Manuskrip juga mengandung informasi yang tak sembarangan dari bidang sastra, agama, hukum, adat istiadat, dan lannya. Informasi yang berada di manuskrip dapat membantu atau menjadi panduan bagi penekun sejarah maupun peneliti di bidang humaniora tatkala mempelajari topik yang dikajinya. Contohnya adalah Ramayana Kekawin.
Ramayan Kekawin ini sudah didaftarkan oleh Yatini Wahyuningsih, SE, M.Si pada tanggal 28 Juni 2021 di Surakarta. Ramayana Kekawin ini merupakan adaptasi dari kisah Ramayana. Kisah mengenai perlawanan epik (cinta) antara Rama yang menjadi raja Ngyodya dengan Dasamuka (Rahwana) yang menhuasai Ngslengka. Mereka memperebutkan Sinta. Ramayana dikarang oleh Empu Yogiswara dengan perkiraan tahun sebelum 930 Masehi atau era pemerintahan Dyah Balitung (Mataram). Karangan Ramayana ini kemudian ditulis ulang di Surakarta pada 1783 oleh juru tulis Sandrapate. Ramayana biasanya disusun untuk diberikan kepada putra mahkota yang hendak memerintah.
Manuskrip Ramayana Jawa Kuno dalam bentuk kekawin, dibuka dengan Bramara, “Ana ta sira ratu ddhibya rengeng.” Pupuh kedua dalam Basonta, “Kawit saratsamaya kalanira para ngke.” Pupuh sebelum terakhir dalam Langenjiwa, “Ksma sahana-hana asujana kusala sapala pinuji pinaraga siguna.” Pupuh terakhir dalam Astakola, membentuktanda penerbit, “yeki karaning ulun tumiru sotani carita niranjana priya.”
Manuskrip ini dianggit untuk putra mahkota Karaton Surakarta berusia 13 tahun, “Sang Maha Narpaputranom tarlen, jengira pangran Dipatya Taruna.” Yang kelak bergelar I.S.K.S. Pakubuwana V. Salinan tertanggal Buda Kliwon, 16 Rajab Ehe 1724 (3 Januari 1798); “sangkala, “jalaniddji [4] boja [2] groaning [7] rat [1]”.
Tahun pembuatan teks ini dicantumkan dalam sebuah sengkalan yang berbunyi: Trus [9]Sah[0]Saptaning[7]Sang Raja[1], atau Tahun Jawa 1709. Teks ini merekam cerita Ramayana yang ditulis dalam bentuk tembang beraksara dan berbahasa Jawa.

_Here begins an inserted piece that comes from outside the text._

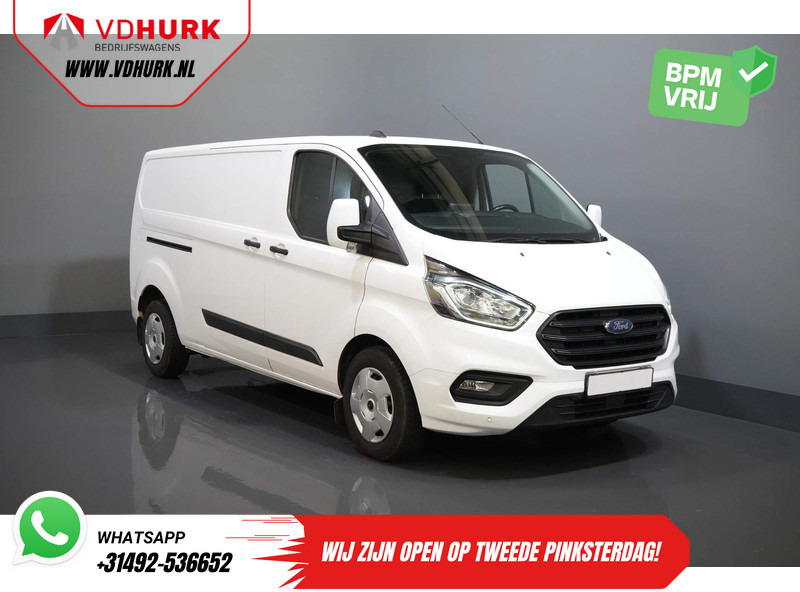 Ford Transit Custom 340 2.0 TDCI 130 pk L2 Trend 2.8t Trekverm./ Carplay/ Navi/ PDC/ Cruise/ Airco - Furgoneta pequeña: foto 1 Ford Transit Custom 340 2.0 TDCI 130 pk L2 Trend 2.8t Trekverm./ Carplay/ Navi/ PDC/ Cruise/ Airco - Furgoneta pequeña: foto 1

Berdasarkan alur ceritanya, teks ini merupakan adaptasi dari cerita Ramayana karangan Walmiki, yang disadur Empu Yogiswara. Teks ini ditulis ulang pada tahun 1783, dengan juru tulis Sadarapete dan jumlah halaman 587. Pada beberapa bagian halaman memiliki iluminasi yang sangat indah dengan dihiasi tinta berwarna penuh dibubuhhi oleh warna emas.
Sampai saat ini, manuskrip ini masih bertahan dengan upaya pelestariannya berupa promosi langsung dan juga promosi melalui mulut ke mulut (promosei lesan). Kini dokumentasi itu berupa naskah, mikrofilm, dan foto digital.